Burn Olivia K, Prasit Kef K, Hermans Ian F
Malaghan Institute of Medical Research, P.O. Box 7060, Wellington 6042, New Zealand.
Maurice Wilkins Centre, Private Bag 92019, Auckland 1042, New Zealand.
Cancers (Basel). 2020 Dec 18;12(12):3824. doi: 10.3390/cancers12123824.
Signalling through pattern recognition receptors (PRRs) leads to strong proinflammatory responses, enhancing the activity of antigen presenting cells and shaping adaptive immune responses against tumour associated antigens. Unfortunately, toxicities associated with systemic administration of these agonists have limited their clinical use to date. Direct injection of PRR agonists into the tumour can enhance immune responses by directly modulating the cells present in the tumour microenvironment. This can improve local antitumour activity, but importantly, also facilitates systemic responses that limit tumour growth at distant sites. As such, this form of therapy could be used clinically where metastatic tumour lesions are accessible, or as neoadjuvant therapy. In this review, we summarise current preclinical data on intratumoural administration of PRR agonists, including new strategies to optimise delivery and impact, and combination studies with current and promising new cancer therapies.
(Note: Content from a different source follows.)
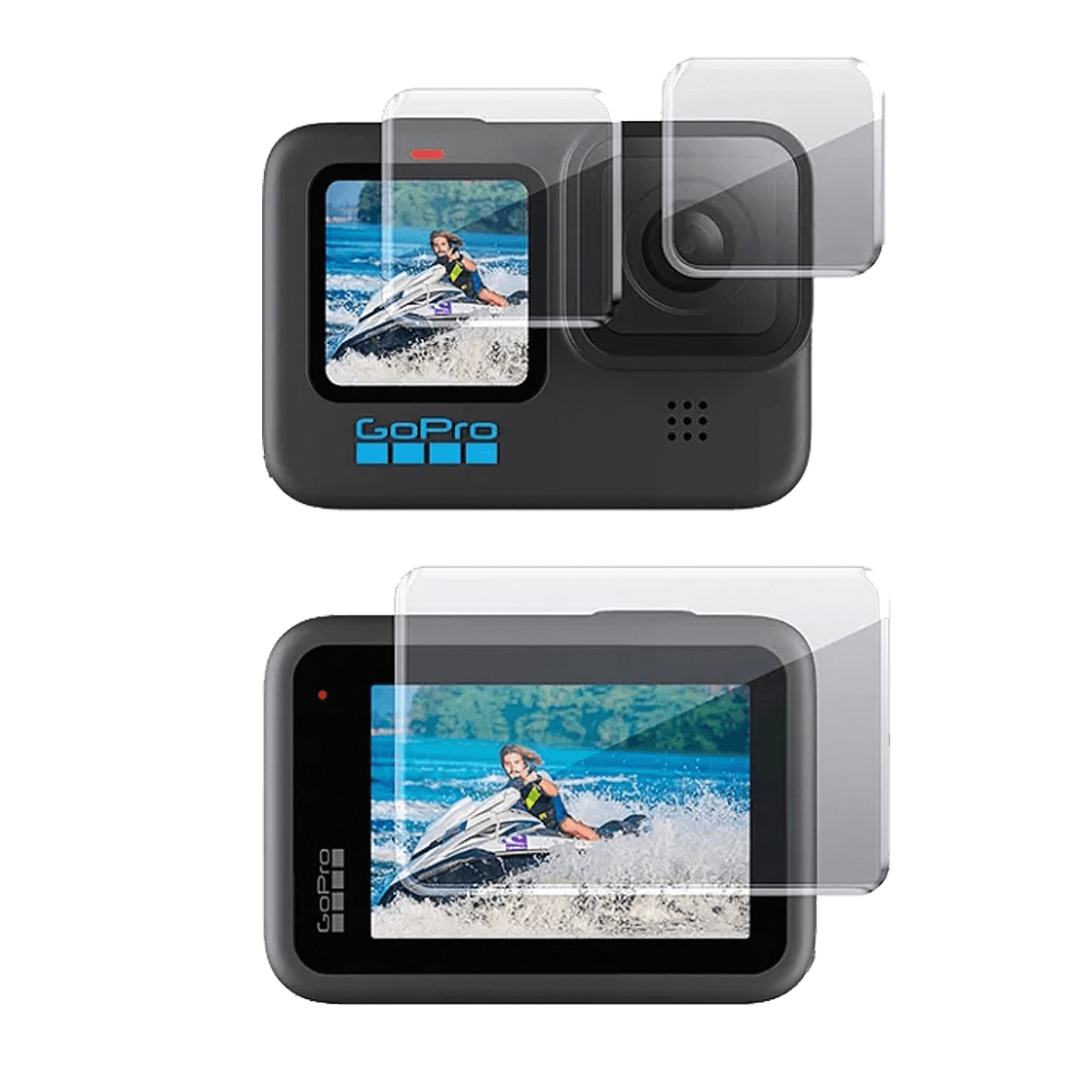 Protector de vidrio para lente y pantallas de Gopro Hero 12 11 10 9 Black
通过模式识别受体(PRR)发出的信号会引发强烈的促炎反应,增强抗原呈递细胞的活性,并塑造针对肿瘤相关抗原的适应性免疫反应。不幸的是,与全身给药这些激动剂相关的毒性限制了它们迄今为止的临床应用。将PRR激动剂直接注射到肿瘤中可以通过直接调节肿瘤微环境中存在的细胞来增强免疫反应。这可以提高局部抗肿瘤活性,但重要的是,还能促进全身性反应,从而限制远处肿瘤的生长。因此,这种治疗形式可用于临床上可触及转移性肿瘤病变的情况,或作为新辅助治疗。在这篇综述中,我们总结了目前关于肿瘤内注射PRR激动剂的临床前数据,包括优化给药和效果的新策略,以及与当前和有前景的新型癌症治疗方法的联合研究。